An anecdote from my pal Owen Green (who probably turned me onto Sun Ra, as well as Fela Kuti and Patto) about the much-missed Palomino, which was the honkiest honky tonk this town ever had:
One of the penultimate live show ironies of my experience would be seeing The Sun Ra Arkestra at the Palomino; which included the wait staff (dressed in Daisy Dukes and the like) gawking at the stage wondering who were these crazy black people along with the equally eccentric audience watching them.

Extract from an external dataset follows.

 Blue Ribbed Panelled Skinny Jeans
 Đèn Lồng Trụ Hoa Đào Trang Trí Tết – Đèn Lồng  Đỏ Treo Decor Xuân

And I thought seeing the Tommy Dorsey Orchestra at an East Hollywood punk rock dive called the Anti-Club was special. Well, it was, but not Sun Ra at the Palomino special. We did get to hang out on the band bus, though, and smoke a reefer with the singer. Buddy Morrow hung with us a bit but turned down the joint, he was working. Man, this was three decades ago. Three decades before then was the tail end of the big band era. Three decades ago from today rock music was vital and crazy and still scared people. Well, not Buddy Morrow. Probably nothing scared him. He’d been around. Night Train, baby. Sun Ra had been around too. To other planets, in other lifetimes, and up on a rooftop in Philadelphia. That one there’s film of.
Do these kind of things even happen anymore? Sun Ra and cowboys, Tommy Dorsey and punk rockers? Well, not Tommy Dorsey himself, he would have punched us all out after screwing the bartendress. Herman Blount (aka Sun Ra) just floated above the audience though. I wish Waylon had been there to see it, or Jerry Lee Lewis. Or Willie Nelson…he and John Gilmore could have gotten down.
The thing about big giant cities is that everything is here, and sometimes they meet and weird, wonderful shit can happen. Or else there’s a fist fight. Whatever. It’s a happening. Space is the place, even if that place is a honky tonk.
Ya know, I tried looking for a picture of Sun Ra at the Palomino to put here. No luck. There were pictures, but they just looked like Sun Ra anywhere. I didn’t want anywhere, I wanted the honky tonk. I did find the LA Times review of the show, though. The guy wrote it up like a jazz review. Not me. I would have gone crazy. It was Sun Ra at the Palomino for crying out loud.
Now it’s time for Owen to spill about those all night Fela Kuti extravaganzas at the Olympic. I missed out on those too. You never realize how stupid you were until years later, and there’s nothing you can do about it because everybody’s gone.